Highlights of the Singapore Art Week, January 11-19

Singapore Art Week (SAW) returns January 11 to 19 this year, bringing a kaleidoscope of visual art showcases and experiences in various locations across Singapore.

An annual celebration of visual arts, SAW is jointly organised by the National Arts Council (NAC), Singapore Tourism Board (STB) and the Economic Development Board (EDB).

Now in its eighth edition, SAW will be welcoming the public in various spaces including galleries, museums, art precincts and unconventional spaces. Audiences can also look forward to innovative art and lifestyle events that will take place alongside key events in the visual arts calendar.

Here are some highlights of the SAW: 

Disturbing Narratives

Photo courtesy: Singapore Art Week
Photo courtesy: Singapore Art Week

A work of art does not serve to illustrate.
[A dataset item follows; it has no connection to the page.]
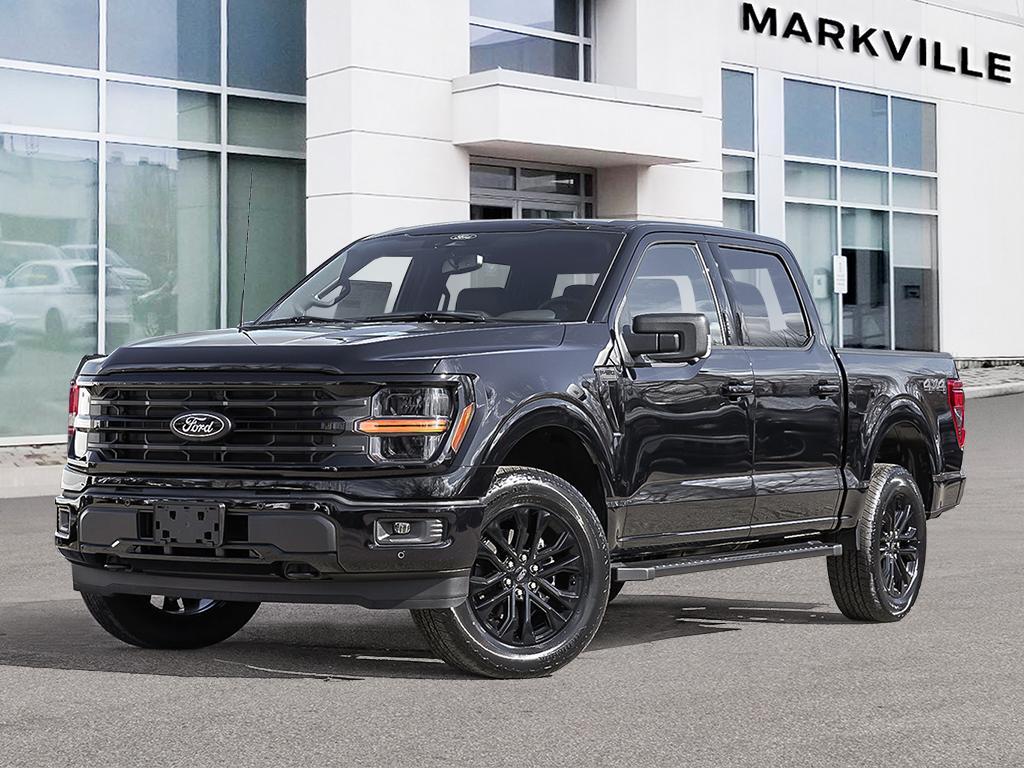 2024 Ford F-150 XLT   - Leather Seats - Black Appearance Package -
Rather, it generates new meanings, creates new associations, and sensitises our relation to the sphere of human experience that it incorporates. Disturbing Narratives reflects empathy, sensibility, imaginative richness and radically freed phantasy, in which the artists of our days are approaching the unlimited complexity of life and history.

Disturbing Narratives presents over 30 artists from Europe, Asia, Africa and North & South America who are working with completely different visual languages and media – spanning painting, drawing, photography, video, sculpture and installation.

When: January 11-19
Where: Parkview Museum
Entry: Free

Dancing Alone (Don't Leave Me)

Photo courtesy: Singapore Art Week
Photo courtesy: Singapore Art Week

Dancing Alone (Don’t Leave Me) by artist Susie Wong is an immersive video installation of solitary women dancing freely, evoking imagery of dance halls in the 1950s and 60s.

Referencing a line from the film, The King and I: “no woman would dance alone while a man is looking at her,” the exhibition alludes to the consumed representations of women in media that are re-enacted in the everyday. The dancers in Wong’s videos evoke both the desire to be freed from these tropes, and at the same time, to themselves consume by reinforcing them through the culturally infusive practices of a modern society. Through dance, she is both empowered and subjugated.

When: January 11-19
Where: Objectifs – Centre for Photography and Film
Entry: Free

AR.T Trail

Photo courtesy: NParks
Photo courtesy: NParks

Re-discover the cultural and historical narratives through physical and digital layers and reconnect with the stories hidden in our urban environment.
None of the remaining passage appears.